In essence, the model works in latent space, a compressed representation of images created by a variational autoencoder (VAE). Starting from random noise, the diffusion model gradually refines its latent representation toward regions of higher probability that correspond to real images. The result is an image that reflects the model’s learned understanding of structure, texture, and realism.
The real strength of Stable Diffusion lies in these priors—the immense amount of visual knowledge captured from training on large datasets. The challenge is using those priors to enhance a rendered image without letting the model change it too much. We want it to fix artifacts, not reinterpret the scene.
This control happens through conditioning. In text-to-image generation, the U-Net uses cross-attention layers to align image features with semantic cues from text embeddings. Modifying these attention mechanisms directly is costly and can destabilize the learned generative prior we want to keep intact.
That’s what makes StableSR interesting. It offers a way to perform super-resolution using diffusion priors while keeping the base model frozen and stable.
STABLE SR
The StableSR model, developed by Jianyi Wang, is from the paper: Exploiting Diffusion Prior for Real-World Image Super-Resolution.

Super-Resolution
This paper makes three main contributions which allow the super resolution of images utilizing the diffusion prior with as little trainable parameters as possible.
- Time-Aware LR Encoder
A small CNN extracts multi-scale features from the low-resolution latent image. It also takes in the current diffusion timestep, allowing it to adapt its output as the process unfolds. Early in denoising, the U-Net benefits from stronger guidance that preserves global structure; later, the encoder eases off to let the diffusion model fill in fine details. - Spatial Feature Transform (SFT) Modulation
SFT layers provide non invasive, low parameter count alternatives to cross attention. They use scale and shift parameters derived from the LR encoder to modulate intermediate feature maps in the U-Net. You can think of it as at each feature position, you emphasize or suppress features according to this external conditioning. This lets the model stay aligned with the low-resolution input while still taking advantage of the pre-trained diffusion prior. - Controllable Feature Wrapping Module
The final component blends the outputs of the original LR latent and the diffusion-refined latent. A tunable weight between 0 and 1 controls the tradeoff between fidelity to the input and the realism introduced by the diffusion prior. During training, this module uses a small CNN with perceptual and adversarial losses to learn to balance detail and consistency.
Together, these modules allow StableSR to super-resolve images by tapping into the learned structure of diffusion models without retraining the full network.
CONCLUSION
Path tracing gives us a physically accurate foundation for realistic lighting and material behavior. It captures the way light actually moves through a scene, producing results that feel grounded in the real world.
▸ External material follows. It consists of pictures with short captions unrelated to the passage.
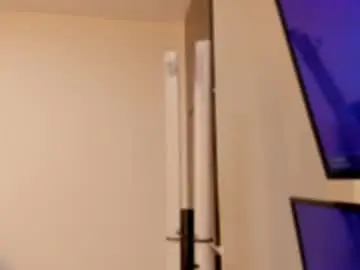 Haily_b  live sex cam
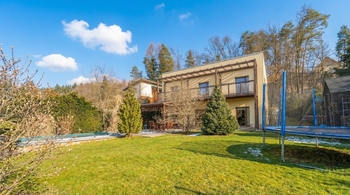 Prodej domu 220 m², Hrusice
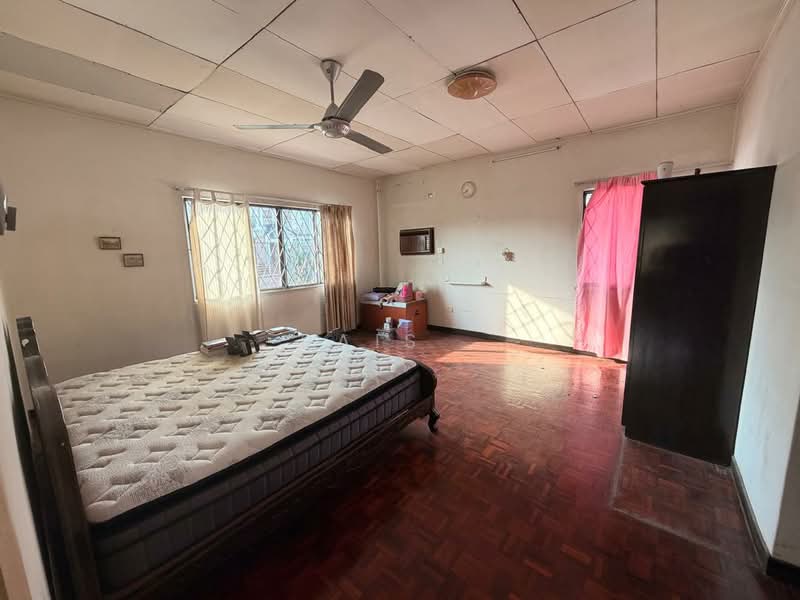 Rumah Banglo untuk Dijual di Kampung Tunku (Petaling Jaya) - RAIS . - - PropertyGuru.com.my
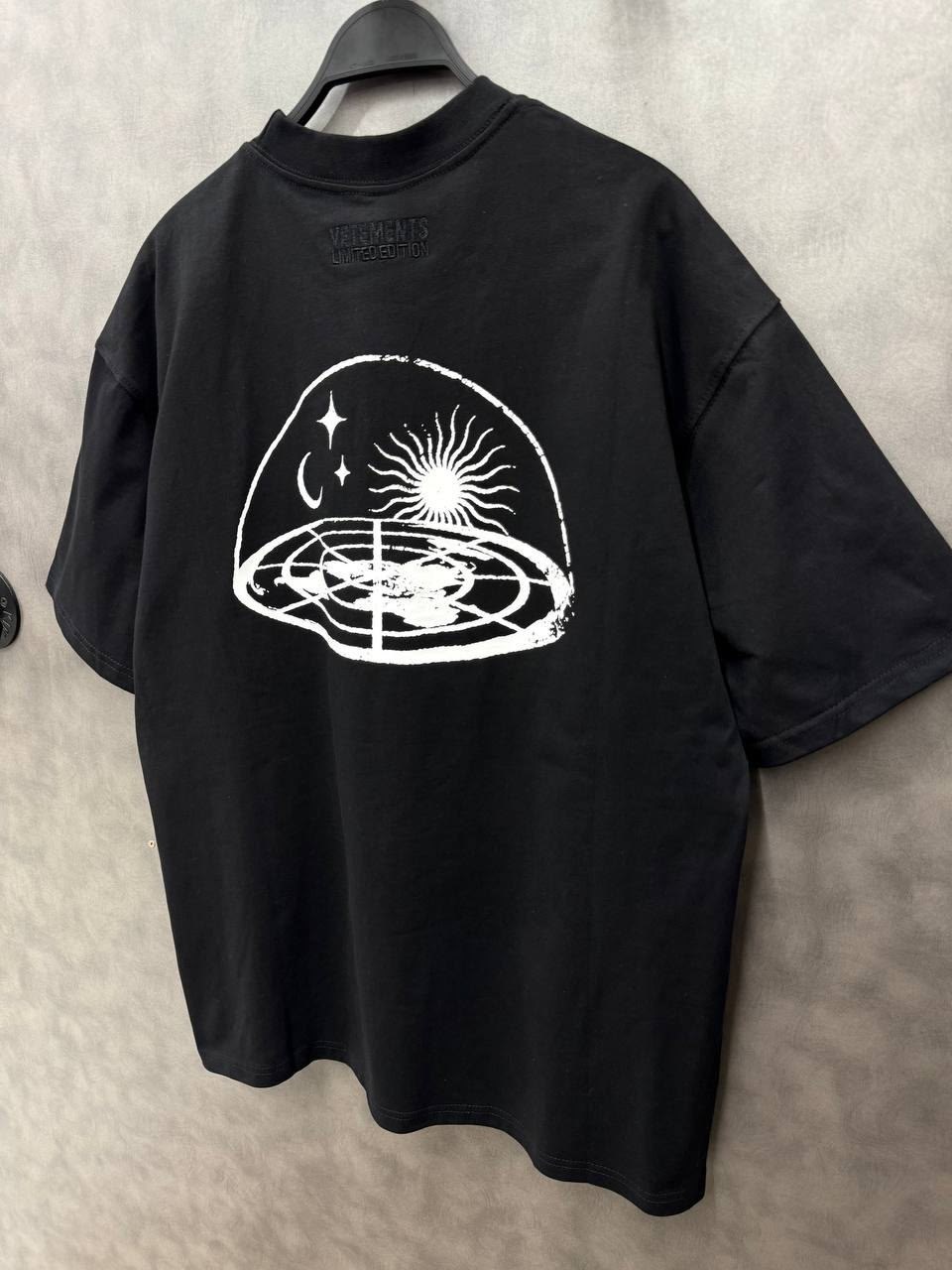 футболка ветмо,футболка,черная оверсайз футболка,стиль футболка,футболки мужские оверсайз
The tradeoff, as always, is efficiency — getting that level of realism requires a huge number of samples.
Diffusion models help close that gap. They bring learned priors from real images that can smooth noise, sharpen edges, and restore detail without the heavy cost of additional ray samples. Instead of relying purely on simulation, they draw on statistical knowledge of what natural images should look like.
Together, these methods point toward a hybrid rendering scheme: physics providing the structure and realism, and neural networks providing the efficiency.